Discovery page 13623
I look at my pictures of Caylee so many times throughout the day and can’t help but smile at my little Rock * Star. I miss her, more than I can ever express in words. Somedays, the tears just won’t end, and others, I can’t stop giggling and sighing and smiling because of her beautiful smile, big hazel eyes and the belly laugh that still remains in my ear. (I just sneezed my confirmation from … [the words are cut off at the top of the page and some are hard to discern] … rarely do I just “sneeze” anymore. It tends to follow a thought, action or spoken word – prayer, praise, even the occasional joke. Rarely can I blame my whacky allergies on them. One of the few things I actually like the cold weather for – it stiffles my allergy attacks. I do like wearing cute boots and a leather jacket. And hats. Mittens. I want a leather bomber jacket. I can picture it in my mind. That and an awesome pair of biker boots.
Discovery page 13662
What I wouldn’t honestly give to have my little girl back, but (1) Shes ALWAYS with me; and (2) I’ll be spending all of eternity with my girl. There’s that shiny silver lining. I hate that we’ve both lost so much since last summer, but we truly have gained so much more than either of us could have expected. As cliche as it is, the Lord does work in mysterious ways. Here’s my question… house down south or in the Carolinas? Carolinas = all 4 seasons – snow and sun and beaches and new adventures. Options – we’ve got plenty of options.
Discovery page 13814
I miss my Caylee, so much, :-( but knowing that she’s waiting for me in Heaven, :sigh: honestly, is a great relief. I can’t wait to see you with Josh and Maddy. I’m adopting them as my nephew and niece. :-)
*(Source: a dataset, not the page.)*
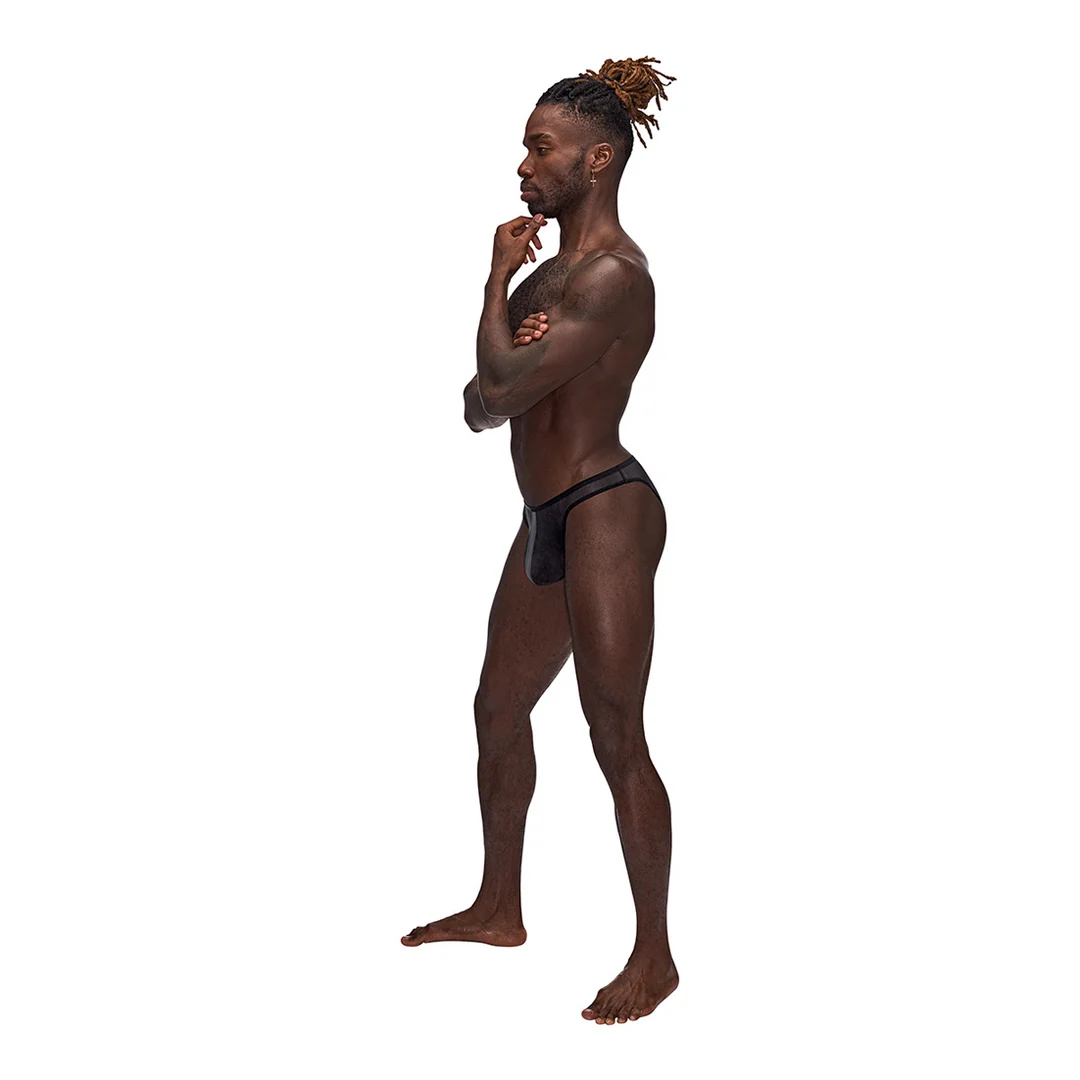 Male Power Landing Strip Bikini Slip – Bild 16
She closes page 13815 with “Here’s to a brand new year and brand new beginnings!”
The topic of Caylee’s murder is serious, but I could not help but laugh out loud when I read those passages.
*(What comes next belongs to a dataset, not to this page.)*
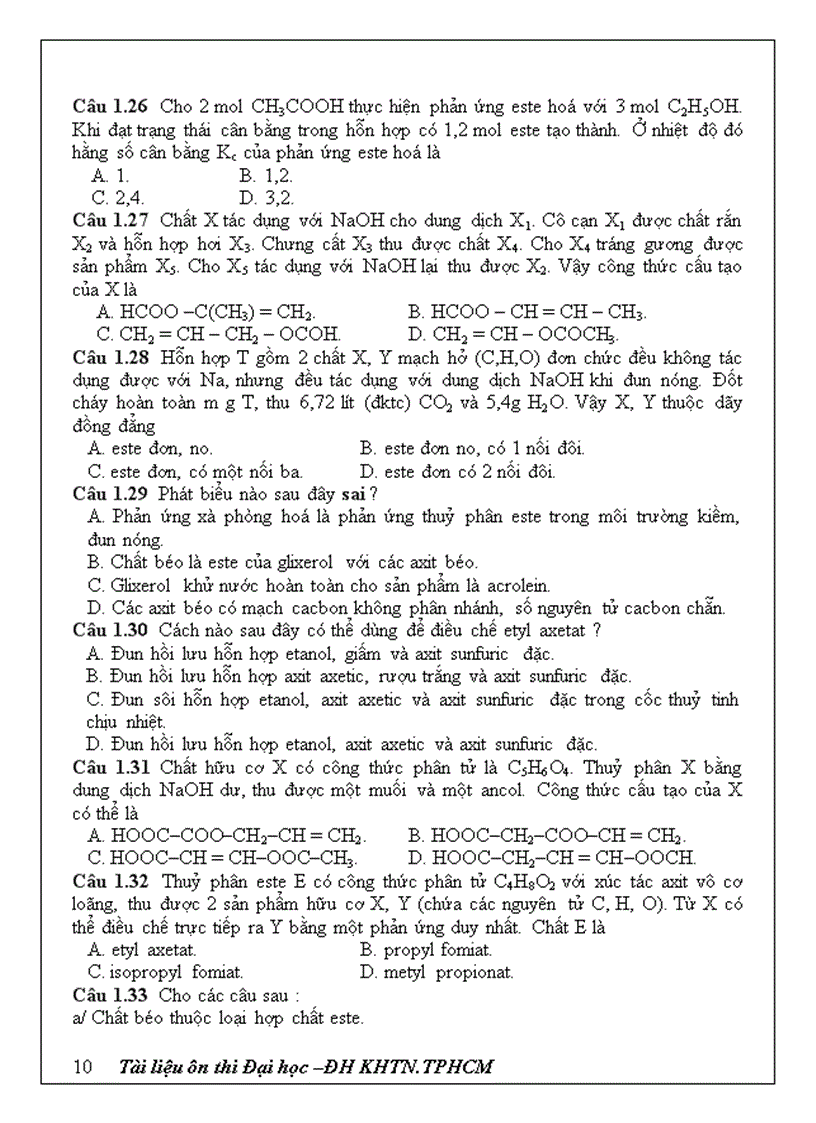 image for page TL ôn Thi ĐH hay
A couple other items of note. First, both George and Cindy denied in media interviews, and George was quite explicit in his denials during his deposition with the state attorney, that they had any written contact with Casey. However, Casey’s letters to Robyn indicate otherwise:
Discovery page 13744
I continue to pass notes to my folks to my attorney and he brings ones back from them. At least that way, its kept private.
Discovery page 13753
My attorney is keeping tabs on my family for me, and exchanges letters between us. Its always nice to see my name written in my Mom’s handwriting. My eyes start tearing up, and I’m done!
So who’s lying?
And finally, Casey confirms Jesse’s previous statement that their relationship ended because Casey felt Jesse loved Caylee more than her:
Discovery page 13745
As far as my “ex-fiance’”, ha! Long story. His dad didn’t like me at all. He never trusted me, because I’m 3 years younger than his son, and I was a single mom at 19. Like I was the first 19-year-old to have a child out of wed-lock. Give me a break. That whole family is very “Righteous” in a scary way. His dad performs “exorcisms”…yeah. I have my faith, as you know, but to them honestly, if you aren’t a self-righteous christian, you basically have the devil in your front pocket. Anyway, I wasn’t in love with Jesse, and he was in love with my daughter. Not my idea of a happy marriage.
Nothing of bombshell quality in the letters themselves, but our image of Casey Anthony does crystallize further.